La scuola e gli esami sembrano non finire mai, anche d’estate. Lo sanno bene gli studenti che devono riparare a settembre e quelli che dopo la maturità devono sostenere il test di ammissione alle facoltà a numero chiuso. Lo sa anche chi sta dall’altra parte della cattedra, come il “prof” Gian Mario Villalta che lo scorso 27 luglio, con la sua raccolta Telepatia (ed. LietoColle) ha appena vinto il Premio nazionale di poesia Carducci e che qui intervistiamo per Scuola di felicità, il romanzo con il quale ha concorso all’edizione 2017 del Premio Comisso.

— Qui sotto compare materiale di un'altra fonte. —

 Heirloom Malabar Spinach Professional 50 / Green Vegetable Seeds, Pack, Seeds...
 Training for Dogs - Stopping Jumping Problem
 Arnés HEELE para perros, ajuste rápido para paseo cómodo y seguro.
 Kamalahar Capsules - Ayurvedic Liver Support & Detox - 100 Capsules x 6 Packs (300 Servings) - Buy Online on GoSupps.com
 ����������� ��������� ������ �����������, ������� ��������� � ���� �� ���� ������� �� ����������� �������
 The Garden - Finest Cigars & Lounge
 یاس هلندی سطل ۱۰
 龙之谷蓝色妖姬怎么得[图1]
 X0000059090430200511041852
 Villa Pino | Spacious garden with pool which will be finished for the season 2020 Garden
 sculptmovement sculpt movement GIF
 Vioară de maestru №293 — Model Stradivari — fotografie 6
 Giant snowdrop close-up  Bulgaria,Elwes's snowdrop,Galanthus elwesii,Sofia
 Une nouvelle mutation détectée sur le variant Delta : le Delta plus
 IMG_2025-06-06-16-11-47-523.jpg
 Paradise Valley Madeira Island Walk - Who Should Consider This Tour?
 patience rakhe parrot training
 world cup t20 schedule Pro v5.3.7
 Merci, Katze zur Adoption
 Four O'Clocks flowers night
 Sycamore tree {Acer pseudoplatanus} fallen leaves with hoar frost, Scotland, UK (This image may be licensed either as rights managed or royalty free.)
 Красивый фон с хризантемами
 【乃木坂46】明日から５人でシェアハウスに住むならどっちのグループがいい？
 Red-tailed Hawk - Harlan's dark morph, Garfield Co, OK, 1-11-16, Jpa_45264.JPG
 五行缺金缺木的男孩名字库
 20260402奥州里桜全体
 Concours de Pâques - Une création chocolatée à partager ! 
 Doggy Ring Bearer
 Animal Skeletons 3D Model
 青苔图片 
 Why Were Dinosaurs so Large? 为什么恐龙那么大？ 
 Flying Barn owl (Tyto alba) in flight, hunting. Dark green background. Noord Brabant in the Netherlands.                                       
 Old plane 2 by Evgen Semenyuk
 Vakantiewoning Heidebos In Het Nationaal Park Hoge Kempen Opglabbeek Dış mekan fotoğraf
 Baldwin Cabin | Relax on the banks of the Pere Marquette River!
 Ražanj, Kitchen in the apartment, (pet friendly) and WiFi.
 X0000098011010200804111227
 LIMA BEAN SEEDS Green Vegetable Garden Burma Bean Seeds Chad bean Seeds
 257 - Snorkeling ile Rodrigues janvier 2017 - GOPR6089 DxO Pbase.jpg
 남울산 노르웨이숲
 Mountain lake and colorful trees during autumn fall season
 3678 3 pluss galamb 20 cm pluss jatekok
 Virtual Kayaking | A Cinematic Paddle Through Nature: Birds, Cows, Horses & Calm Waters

Nell’ambientare questo romanzo in un liceo è stata più forte la spinta della sua esperienza personale di insegnante o la convinzione che la scuola possa essere ancora un luogo rappresentativo della società d’oggi?
La scuola è più importante oggi di ieri, direi, perché si trova al centro di molti temi e momenti dell’esperienza che in passato coinvolgevano di più e diversamente famiglia, comunità territoriale – quartiere, parrocchia – e società civile. Per anni, le ragazze e i ragazzi che arrivano alla scuola superiore hanno avuto la necessità di “iscriversi” a qualcosa (nuoto, ballo, musica, etc.) per praticare una socialità.Quando guadagnano autonomia, lentamente, alle superiori, si trovano di fronte a scelte e decisioni che diventano molto grandi. La scuola – prima di tutto come “contenitore” di tutte quelle ore della vita – diventa fondamentale anche come ambiente, quindi, come luogo speciale. Il fatto di conoscerne bene almeno uno, di questi luoghi, poiché insegno nella stessa scuola da molti anni, spero mi abbia aiutato poi a catturarne, in certi passaggi, l’atmosfera.
La felicità non fa letteratura e Scuola di felicità, infatti, è un romanzo in cui conflitti, tensioni e contraddizioni si respirano, anche letteralmente parlando, già dalle prime pagine. Conflitti vissuti a livelli diversi.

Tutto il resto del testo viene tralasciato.